━━ Data to process ━━
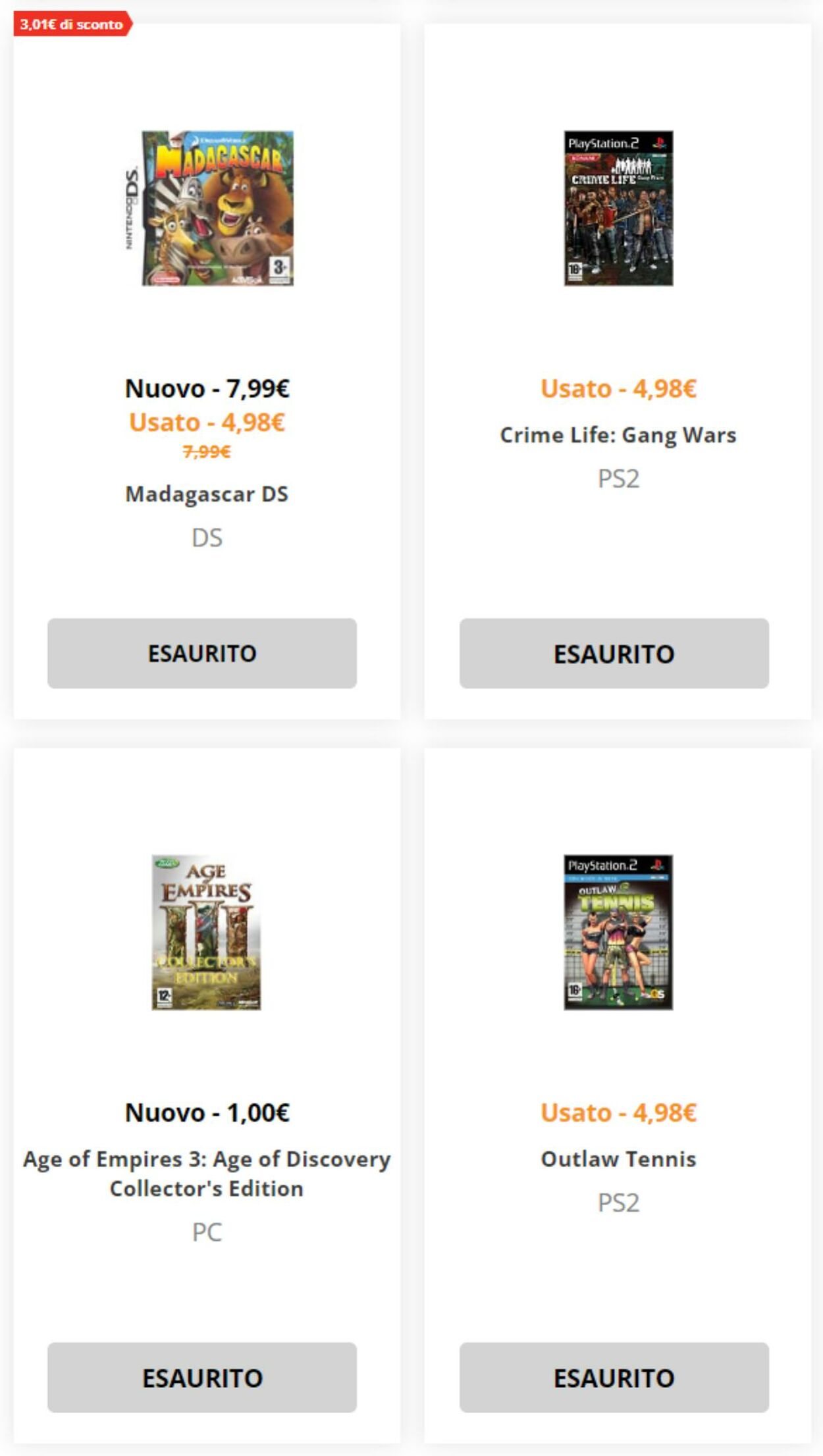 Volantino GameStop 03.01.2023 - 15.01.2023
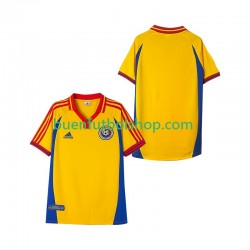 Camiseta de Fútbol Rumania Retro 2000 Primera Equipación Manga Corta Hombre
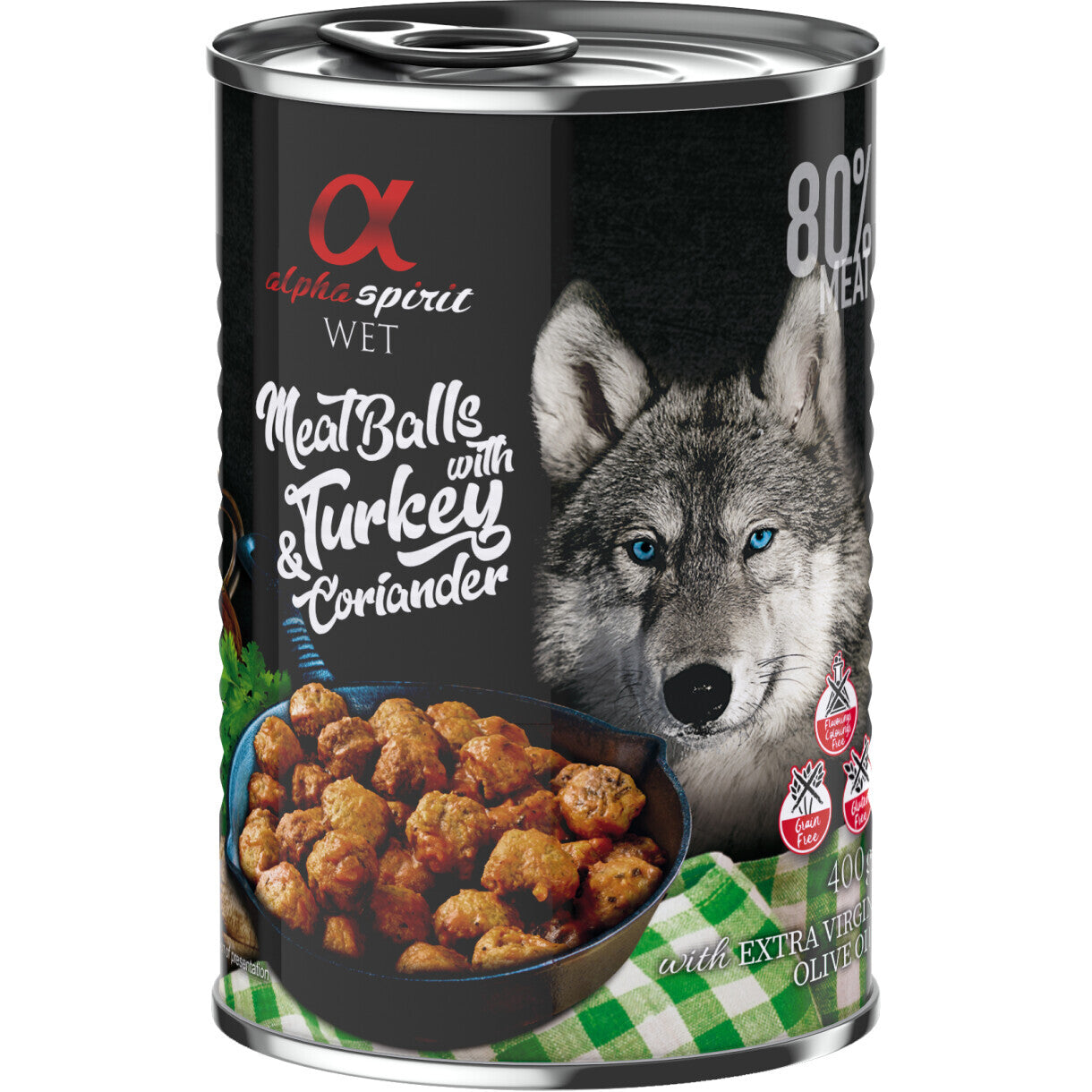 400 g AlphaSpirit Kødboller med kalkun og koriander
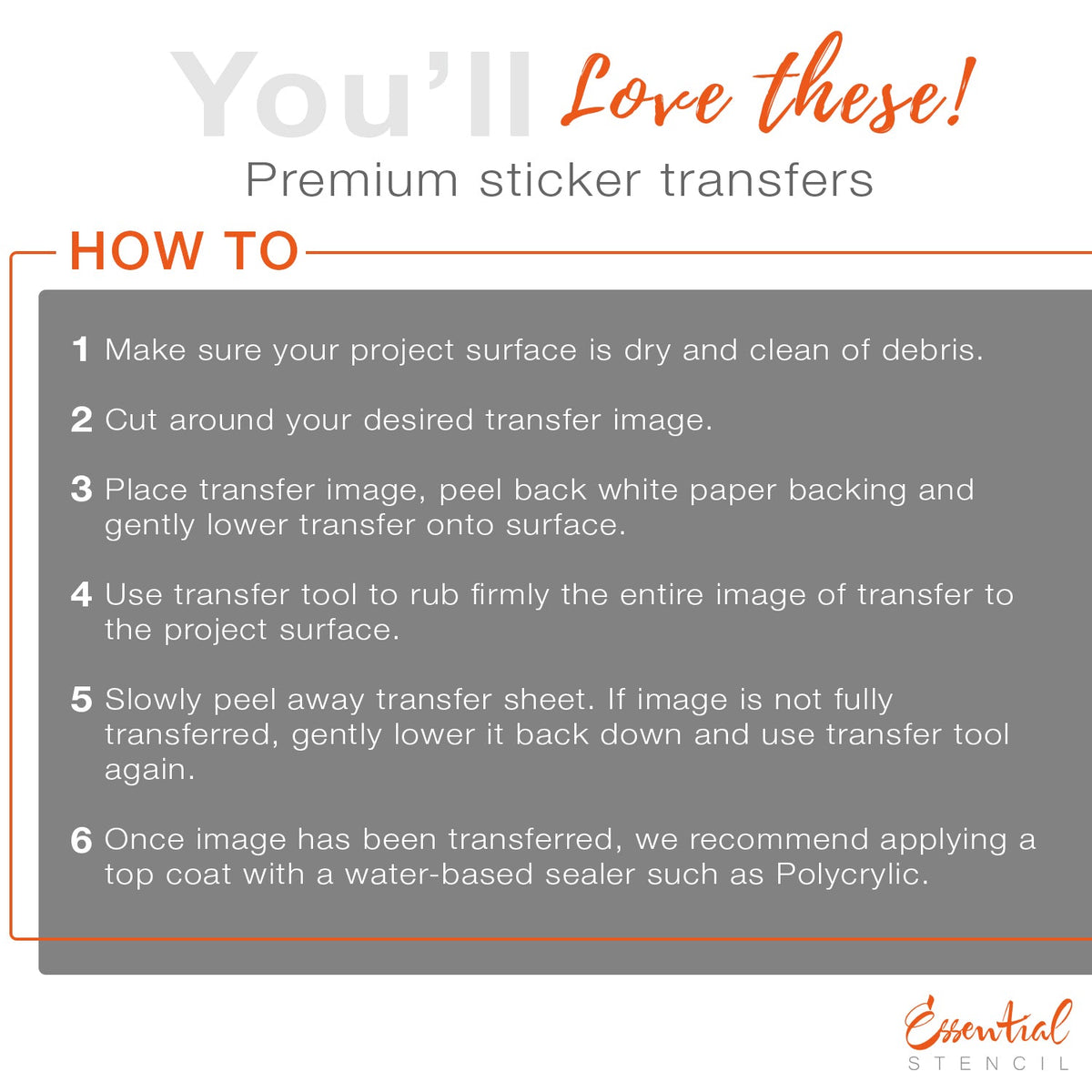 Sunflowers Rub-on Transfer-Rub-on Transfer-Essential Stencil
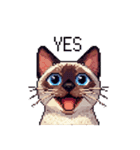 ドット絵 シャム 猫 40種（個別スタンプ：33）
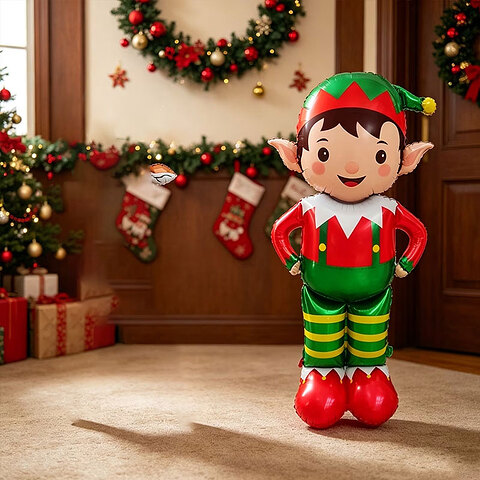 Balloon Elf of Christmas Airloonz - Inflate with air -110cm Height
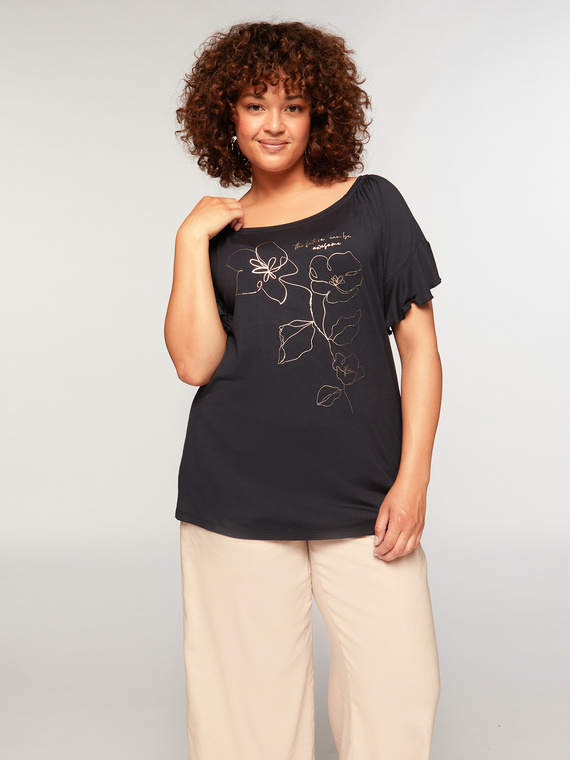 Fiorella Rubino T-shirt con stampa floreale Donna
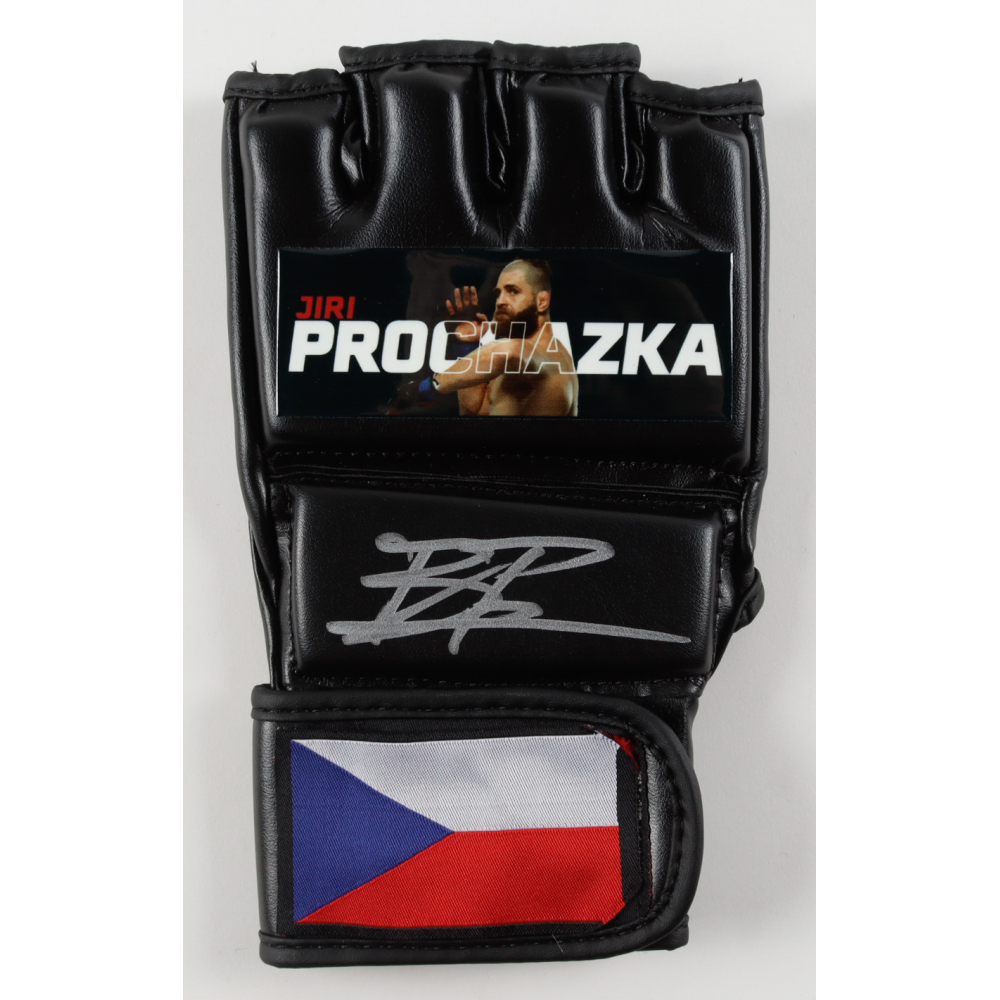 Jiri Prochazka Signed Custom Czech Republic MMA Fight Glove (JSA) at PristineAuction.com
━━━
### Directions
Your answer should consist solely of the lines from the one with "400 g AlphaSpirit" through the last line of the entries, restated word for word, with the pictures omitted.

### Output of the exercise
 400 g AlphaSpirit Kødboller med kalkun og koriander
 Sunflowers Rub-on Transfer-Rub-on Transfer-Essential Stencil
 ドット絵 シャム 猫 40種（個別スタンプ：33）
 Balloon Elf of Christmas Airloonz - Inflate with air -110cm Height
 Fiorella Rubino T-shirt con stampa floreale Donna
 Jiri Prochazka Signed Custom Czech Republic MMA Fight Glove (JSA) at PristineAuction.com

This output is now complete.